Relatively large wings facilitate life at higher elevations among Nearctic dragonflies

Determining which traits allow species to live at higher elevations is essential to understanding the forces that shape montane biodiversity. For the many animals that rely on flight for locomotion, a long‐standing hypothesis is that species with relatively large wings should better persist in high‐elevation environments because wings that are large relative to the body generate more lift and decrease the aerobic costs of remaining aloft. Although these biomechanical and physiological predictions have received some support in birds, other flying taxa often possess smaller wings at high elevations or no wings at all. To test if predictions about the requirements for relative wing size at high elevations are generalizable beyond birds, we conducted macroecological analyses on the altitudinal characteristics of 302 Nearctic dragonfly species.

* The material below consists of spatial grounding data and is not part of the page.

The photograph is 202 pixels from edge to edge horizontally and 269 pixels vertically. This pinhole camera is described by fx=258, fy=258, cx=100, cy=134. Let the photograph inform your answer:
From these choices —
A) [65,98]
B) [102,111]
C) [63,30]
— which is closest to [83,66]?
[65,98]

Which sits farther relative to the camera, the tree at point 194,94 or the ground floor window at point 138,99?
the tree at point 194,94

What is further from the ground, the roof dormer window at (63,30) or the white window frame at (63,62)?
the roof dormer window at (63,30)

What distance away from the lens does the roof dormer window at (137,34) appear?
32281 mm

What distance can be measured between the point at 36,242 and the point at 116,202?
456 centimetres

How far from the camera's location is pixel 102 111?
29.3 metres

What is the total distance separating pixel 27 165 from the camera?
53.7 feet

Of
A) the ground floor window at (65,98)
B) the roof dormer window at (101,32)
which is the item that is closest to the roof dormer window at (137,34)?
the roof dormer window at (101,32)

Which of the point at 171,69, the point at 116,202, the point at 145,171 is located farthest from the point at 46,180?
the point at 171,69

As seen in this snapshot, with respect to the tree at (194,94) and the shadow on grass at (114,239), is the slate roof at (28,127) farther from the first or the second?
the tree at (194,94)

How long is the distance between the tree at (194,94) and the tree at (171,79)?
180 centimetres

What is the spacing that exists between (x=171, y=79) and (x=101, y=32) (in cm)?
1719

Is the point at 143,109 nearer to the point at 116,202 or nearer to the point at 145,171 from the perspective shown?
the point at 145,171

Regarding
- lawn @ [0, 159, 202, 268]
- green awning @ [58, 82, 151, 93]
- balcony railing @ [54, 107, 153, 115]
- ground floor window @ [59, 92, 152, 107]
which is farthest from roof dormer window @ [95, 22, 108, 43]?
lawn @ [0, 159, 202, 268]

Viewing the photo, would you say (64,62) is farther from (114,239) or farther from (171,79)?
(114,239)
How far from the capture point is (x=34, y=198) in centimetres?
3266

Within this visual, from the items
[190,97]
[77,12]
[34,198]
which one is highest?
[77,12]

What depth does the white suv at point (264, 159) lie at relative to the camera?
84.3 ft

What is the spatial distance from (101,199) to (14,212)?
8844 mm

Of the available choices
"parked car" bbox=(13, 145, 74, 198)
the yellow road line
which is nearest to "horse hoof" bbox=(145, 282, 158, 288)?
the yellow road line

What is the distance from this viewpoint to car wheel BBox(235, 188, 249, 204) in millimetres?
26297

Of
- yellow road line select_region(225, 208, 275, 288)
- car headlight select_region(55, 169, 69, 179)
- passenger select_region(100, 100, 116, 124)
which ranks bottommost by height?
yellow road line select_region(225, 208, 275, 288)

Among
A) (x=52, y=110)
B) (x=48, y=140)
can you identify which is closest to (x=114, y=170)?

Consistent with the biomechanical and aerobic hypotheses, species with relatively larger wings live at higher elevations and have wider elevation breadths—even after controlling for a species' body size, mean thermal conditions, and range size. Moreover, a species' relative wing size had nearly as large of an impact on its maximum elevation as being adapted to the cold. Relatively large wings may be essential to high‐elevation life in species that completely depend on flight for locomotion, like dragonflies or birds. With climate change forcing taxa to disperse upslope, our findings further suggest that relatively large wings could be a requirement for completely volant taxa to persist in montane habitats. High elevations pose many serious barriers to organisms, but prior research has mainly focused on how species overcome the cold. Here, Moore & Khan show that high‐elevation habitats require that dragonflies possess traits to overcome the atmospheric constraints nearly as much as these environments require traits to mitigate the cold.